The power of paying attention June 26, 2008 34 out of 35 found this review helpful
What a thoughtful and helpful book! It explores the concept of creating a product or service that resonates with buyers; that, in essence, sells itself. By getting closer to your customers you'll be able to know what they want, and then offer it to them. By paying attention, you'll be successful.
The authors use real-life examples throughout the book to explain the six-step Tuning In process. This helps turn vague-sounding theory into something you can actually use. For example, Step 2 in the Tuning In process is "Understand Buyer Personas." This involves breaking buyers into distinct groups, and finding out, in detail, the things that are important for each group. The authors used the 2004 presidential election as an example. Operatives for the two candidates divided voters into groups such as NASCAR Dads and Security Moms, and targeted their individual campaign messages directly to each group. This was much more effective than using a scatter-shop approach to broadcast a generic message to anyone and everyone.
One idea that makes sense to me is the idea of creating an "elevator speech" for your product or service. It's the short answer you'd give if someone asked what your product is in an elevator, and you had to answer before the ride is over. Since you only have time to say about 25 words, they should be the distillation of your product from the buyer's point of view. There is no time for, as the book puts it, "egocentric corporate gobbledygook."
I found quite a few ideas of this caliber I'll put into use. For any businessperson, the book is well worth buying.
Here's the chapter list:
1. Why Didn't We Think of That? 2. Tuned Out... and Just Guessing 3. Get Tuned In 4. Step 1: Find Unresolved Problems 5. Step 2: Understand Buyer Personas 6. Step 3: Quantify the Impact 7. Step 4: Create Breakthrough Experiences 8. Step 5: Articulate Powerful Ideas 9. Step 6: Establish Authentic Connections 10. Cultivate a Tuned In Culture 11. Unleash Your Resonator
The return of common sense marketing June 20, 2008 17 out of 21 found this review helpful
Why did the Apple Newton flop and the iPod rock? How did a struggling magician transform himself into a success with a three-word tagline? How did a car rental startup grab an entire market segment that was just sitting there for the big guys to gobble up? Answer: it was all a matter of tuning in.

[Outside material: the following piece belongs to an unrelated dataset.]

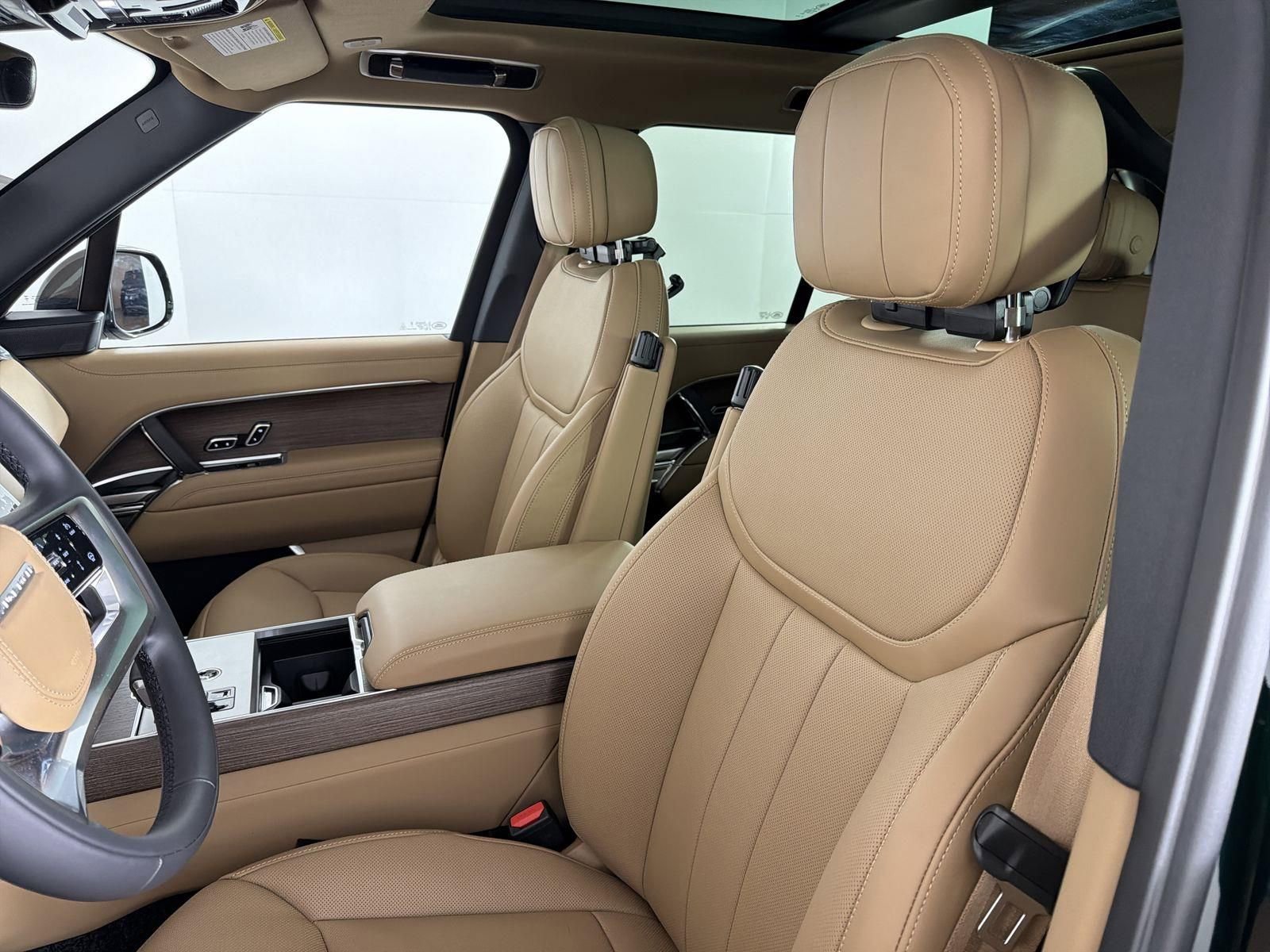 New 2026 Land Rover Range Rover SE image 25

It stands to reason if an organization wants to develop products and services that resonate with people, the first step is to ask people what they want. Simple as it sounds, authors Stull, Myers, and Scott, each of whom has extensive experience working with large firms and non-profits, observe that many of them simply don't do it. Those that do often lack the right processes to gather and act upon the information they receive. As a result, they roll out products and services that fall absolutely flat, squandering their resources and completely missing golden opportunities.
The authors contend the solution is to tune in. Instead of selecting new product initiatives in ivory tower executive suites and developing them in the lab, get to the grass roots. Talk to actual people, uncover their most urgent needs, and craft solutions. This strikes me as an incredibly sensible approach; perhaps that is why big companies are apt to overlook it.
The book focuses on the why and how of tuning in, with emphasis on the how. The authors lay out a 6-step process for tuning in, very detailed yet written in plain English every reader will understand -
1. Find unresolved problems 2. Understand buyer personas 3. Quantify the impact 4. Create breakthrough experiences 5. Articulate powerful ideas 6. Establish authentic connections
Even though it is simple and straightforward, the tuning in process, like any other, has its share of pitfalls, problems, and subtleties. Here's where the authors' impressive consulting and training experience really distinguishes this book from others I've read on similar topics. These men are able to identify the hazards organizations will encounter in the trenches, and explain - largely through the use of real life case studies and their own war stories - how to handle (and not handle) them.
I like the emphasis on real life stories. They give the whole book the flavor of authenticity books like this need. The procession of examples is what makes tuning in seem implementable, rather than being just another cool-sounding new marketing theory.
Any organizational leader, marketing specialist, or sales executive will profit from, and probably be challenged by, "Tuned In", since tuning in involves jettisoning conventional wisdom (for instance, making new product decisions based strictly on what current customers say), and engaging in new forms of communication such as blogs and social networking communities. Still, this is one of those books you're better off reading sooner rather than later. As more and more companies start tuning in, those that don't are going to start looking worse and worse in the marketplace.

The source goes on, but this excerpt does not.